It appears Mr. Khuzami has done quite well while working in the private sector, undoubtedly defending his German employer from precisely the same actions he, or someone else at the SEC, may soon charge the firm was defrauding investors by. His total disclosed asset range from $2,525,000 to $11,375,000. It is also ironic that nearly half Mr. Khuzami's assets are contained in real estate, and not to mention that a substantial amount of his assets are also contained in Deutsche Bank plans as well as DB stock deferred comp. In fact, let's take a look at that deferred comp of $100,001-$250,000 a little closer.

It appears the SEC's Enforcement Director has between $100,001 and $250,000 in DB deferred stock compensation, which becomes payable in August 2010. Obviously this is not a trivial number. And while Khuzami may have recused himself from pursuing DB for CDO infarctions, that does not mean that some other SEC enforcer (surely, their $1 billion a year budget allows them at least more than one enforcement professional) would not be able to go after DB. The problem as we see it is that since the announcement of the SEC case against Goldman the firm has lost about 25% of its market cap. It is conceivable that DB, which dabbled far more in CDOs, and thus the SEC would have a much stronger case agaisnt the bank, would thus lose far more of its market cap should the SEC announce a case against the Germans. In fact, we could be looking at Mr. Khuzami's Vested Deferred Compensation value dropping from $100,001 - $250,000 to maybe even as low as $15,001-$50,000. Then again, this becomes irrelevant after August, when the former DB GC will have collected all his dues. Does this mean we should expect nothing from the SEC against Deutsche Bank for at least 4 more months? And is September 1 the day when the SEC formally announces charges against Deutsche? We would love to get the SEC's feedback on this.

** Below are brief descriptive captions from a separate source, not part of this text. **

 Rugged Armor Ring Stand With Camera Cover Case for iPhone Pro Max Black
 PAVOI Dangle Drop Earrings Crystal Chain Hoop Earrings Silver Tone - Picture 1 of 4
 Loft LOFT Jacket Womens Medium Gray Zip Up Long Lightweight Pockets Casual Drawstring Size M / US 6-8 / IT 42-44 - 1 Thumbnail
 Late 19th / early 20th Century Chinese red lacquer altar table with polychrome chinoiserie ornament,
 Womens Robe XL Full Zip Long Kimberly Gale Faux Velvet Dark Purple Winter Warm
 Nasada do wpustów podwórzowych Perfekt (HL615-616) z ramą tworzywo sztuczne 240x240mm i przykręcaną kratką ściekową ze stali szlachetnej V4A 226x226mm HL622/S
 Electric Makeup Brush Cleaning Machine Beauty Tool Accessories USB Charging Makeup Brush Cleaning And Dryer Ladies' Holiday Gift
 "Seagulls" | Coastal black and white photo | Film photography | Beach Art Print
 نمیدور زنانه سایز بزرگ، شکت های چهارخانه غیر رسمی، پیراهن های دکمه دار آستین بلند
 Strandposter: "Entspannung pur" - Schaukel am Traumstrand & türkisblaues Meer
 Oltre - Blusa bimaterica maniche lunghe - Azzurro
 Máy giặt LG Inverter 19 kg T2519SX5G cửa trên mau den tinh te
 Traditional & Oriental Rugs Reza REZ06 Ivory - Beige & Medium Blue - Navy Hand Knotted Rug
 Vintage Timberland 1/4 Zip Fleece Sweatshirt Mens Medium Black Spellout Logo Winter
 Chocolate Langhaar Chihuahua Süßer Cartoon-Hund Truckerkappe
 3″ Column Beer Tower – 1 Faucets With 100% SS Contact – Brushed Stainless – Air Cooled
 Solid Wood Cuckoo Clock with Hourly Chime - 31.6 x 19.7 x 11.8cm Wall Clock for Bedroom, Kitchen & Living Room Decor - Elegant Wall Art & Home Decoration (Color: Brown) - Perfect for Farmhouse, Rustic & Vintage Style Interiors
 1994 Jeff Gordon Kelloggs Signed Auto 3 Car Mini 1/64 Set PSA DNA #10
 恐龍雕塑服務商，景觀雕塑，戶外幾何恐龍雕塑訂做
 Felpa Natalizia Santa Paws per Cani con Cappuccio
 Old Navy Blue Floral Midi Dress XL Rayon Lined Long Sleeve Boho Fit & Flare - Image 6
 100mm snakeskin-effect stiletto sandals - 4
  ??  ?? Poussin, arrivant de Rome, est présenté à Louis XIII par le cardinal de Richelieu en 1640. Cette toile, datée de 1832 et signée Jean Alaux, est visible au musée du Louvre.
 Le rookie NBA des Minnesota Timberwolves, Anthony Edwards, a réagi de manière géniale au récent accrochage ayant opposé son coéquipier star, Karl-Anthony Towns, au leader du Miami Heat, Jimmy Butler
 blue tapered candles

Mr. Khuzami's potential conflicts of interest do not end with his open exposure to Deutsche Bank. His Schedule A appendix indicates that the man has open equity positions with firms such as Bank of America, Deutsche Bank, and JP Morgan. To wit:

Would this mean that Mr. Khuzami, and thus the entire SEC Enforcement Division, if judging by the Deutsche Bank case study, would recuse itself of investigating these three firms from an enforcement standpoint?

We certainly do not begrudge Khuzami's generous winnings as part of the private sector. If anything, any borderline criminal activity he may have helped cover up as GC of Deutsche (an act he was supposed to do so no ill-will there) should provide him with the knowledge to prosecute just such activity. However, when the head of the main US regulator's enofrcement body is so terminally ensnared in not just the Wall Street complex, but in the very fabric of Keynesianism (that up to $5,000,000 Treasury holding for example and not to mention his up to $5,000,000 rental property), the population should ask just how extremely biased this man can be when prosecuting the very system that allows him to have up to $11 million in assets currently tied in to the perpetuated status quo. Surely, should the Fed, and the market in general, be "surprisingly" uncovered to be the same ponzi construct as Madoff's pyramid scheme, Khuzami, and who knows how many other people, stand to lose virtually the bulk of their assets. This makes them very much conflicted in any real enforcement action, and certainly not independent or impartial. Perhaps Dodd, in his joke of a bill, can consider just how to establish a securities regulator which by its very nature is not constantly in bed with the very subject it is supposed to be investigating.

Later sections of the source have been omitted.